RECORDS SHOWN:
========
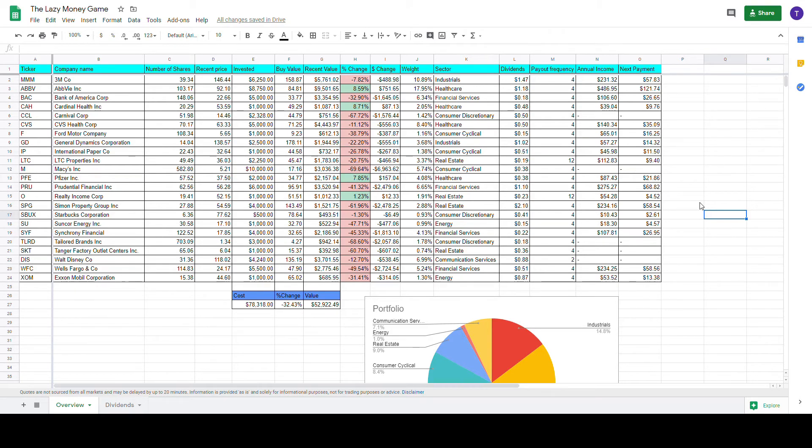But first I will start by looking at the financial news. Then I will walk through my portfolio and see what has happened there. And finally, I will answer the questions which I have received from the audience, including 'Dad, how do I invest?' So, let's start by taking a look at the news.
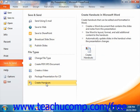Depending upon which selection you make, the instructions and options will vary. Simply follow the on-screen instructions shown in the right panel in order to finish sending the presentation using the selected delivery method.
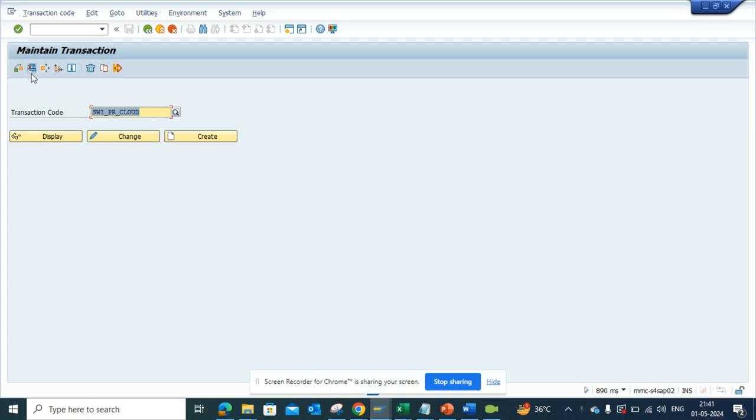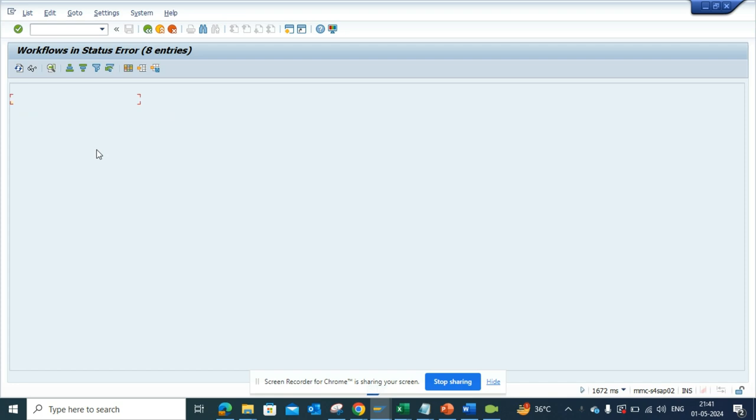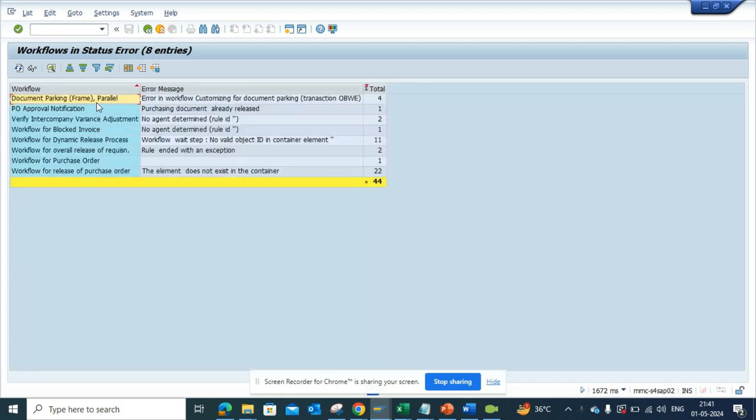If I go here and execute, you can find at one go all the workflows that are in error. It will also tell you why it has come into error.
========
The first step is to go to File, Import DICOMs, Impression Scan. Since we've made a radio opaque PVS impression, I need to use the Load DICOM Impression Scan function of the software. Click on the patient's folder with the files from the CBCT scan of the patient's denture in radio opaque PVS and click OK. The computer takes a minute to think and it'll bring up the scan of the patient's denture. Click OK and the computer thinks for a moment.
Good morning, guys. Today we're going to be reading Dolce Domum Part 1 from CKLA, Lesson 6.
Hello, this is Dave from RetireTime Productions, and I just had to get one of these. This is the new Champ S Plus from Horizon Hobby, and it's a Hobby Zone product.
========
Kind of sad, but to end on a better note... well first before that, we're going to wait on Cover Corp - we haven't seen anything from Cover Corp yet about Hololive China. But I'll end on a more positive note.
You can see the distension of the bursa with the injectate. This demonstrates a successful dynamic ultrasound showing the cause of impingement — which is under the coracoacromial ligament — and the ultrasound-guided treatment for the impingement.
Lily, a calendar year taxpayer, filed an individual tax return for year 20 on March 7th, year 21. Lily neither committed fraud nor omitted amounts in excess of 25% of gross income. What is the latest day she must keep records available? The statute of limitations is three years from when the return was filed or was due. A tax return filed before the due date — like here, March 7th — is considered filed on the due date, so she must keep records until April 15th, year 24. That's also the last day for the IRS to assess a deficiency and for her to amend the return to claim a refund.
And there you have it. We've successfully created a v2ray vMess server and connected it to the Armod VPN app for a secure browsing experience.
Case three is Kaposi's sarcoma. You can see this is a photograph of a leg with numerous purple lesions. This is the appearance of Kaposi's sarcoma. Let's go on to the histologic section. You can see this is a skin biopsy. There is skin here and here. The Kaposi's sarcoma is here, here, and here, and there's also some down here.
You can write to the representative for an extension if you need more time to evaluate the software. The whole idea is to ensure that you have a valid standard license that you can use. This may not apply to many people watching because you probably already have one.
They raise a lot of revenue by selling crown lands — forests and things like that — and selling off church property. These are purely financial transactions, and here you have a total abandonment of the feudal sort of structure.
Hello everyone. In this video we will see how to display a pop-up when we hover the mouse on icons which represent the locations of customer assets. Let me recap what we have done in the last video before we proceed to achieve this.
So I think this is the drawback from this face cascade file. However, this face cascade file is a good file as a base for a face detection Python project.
========
Reproduce word for word the material above, starting with the line that has "You can see the" and stopping after the line that has "Case three is".

SOLUTION FOR THIS EXERCISE:
You can see the distension of the bursa with the injectate. This demonstrates a successful dynamic ultrasound showing the cause of impingement — which is under the coracoacromial ligament — and the ultrasound-guided treatment for the impingement.
Lily, a calendar year taxpayer, filed an individual tax return for year 20 on March 7th, year 21. Lily neither committed fraud nor omitted amounts in excess of 25% of gross income. What is the latest day she must keep records available? The statute of limitations is three years from when the return was filed or was due. A tax return filed before the due date — like here, March 7th — is considered filed on the due date, so she must keep records until April 15th, year 24. That's also the last day for the IRS to assess a deficiency and for her to amend the return to claim a refund.
And there you have it. We've successfully created a v2ray vMess server and connected it to the Armod VPN app for a secure browsing experience.
Case three is Kaposi's sarcoma. You can see this is a photograph of a leg with numerous purple lesions. This is the appearance of Kaposi's sarcoma. Let's go on to the histologic section. You can see this is a skin biopsy. There is skin here and here. The Kaposi's sarcoma is here, here, and here, and there's also some down here.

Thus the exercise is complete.